The story was repeated by Joseph McCabe in his
two-volume biography of Holyoake. [2]
But it was never true. I shall not repeat the
sound historical research that Pearce undertook
to restore Southwell's name. Suffice it to say,
that Pearce is quite right to assert that
Southwell continued the fine work as a
freethinker in his years in New Zealand that he
had pursued in Britain and in Australia.
Charles Southwell was born in
1814, the youngest of 33 (or 36, the accounts
differ) children. His father, not surprisingly
perhaps, had married three times. Edward Royle,
one of Britain's leading historians of
freethought, described Southwell as a rough and
impetuous man (who), on his own account, had
always been this way inclined. [3]
In the way of the poor of nineteenth-century
England, Southwell found education where and when
he could. As a teenager he had been given a copy
of Timothy Dwight's Sermons. Dwight was a rather
self-satisfied Calvinist whose overbearing
certainty converted Southwell instantly to a
militant form of atheism. In his early twenties
he opened a radical bookshop in London and
founded a Rational School after the manner of
Robert Owen. His foundation speech mentioned the
fine role played by the blasphemous and seditious
press. As all newspapers at this time had to be
stamped as a form of government tax and
censorship, this was a brave statement to make.
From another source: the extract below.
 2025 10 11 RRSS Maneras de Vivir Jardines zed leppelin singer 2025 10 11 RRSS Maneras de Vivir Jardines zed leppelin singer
Southwell wasn't a man to stick
at things for long, and he soon tired of his
life, and sought more adventure. So in 1835 he
volunteered for the British Legion to fight in
Spain for Queen Isabella and her liberal
supporters against the Carlists. Queen Isabella
had granted a Royal Constitution based loosely on
the departements that the French
revolutionary government had established.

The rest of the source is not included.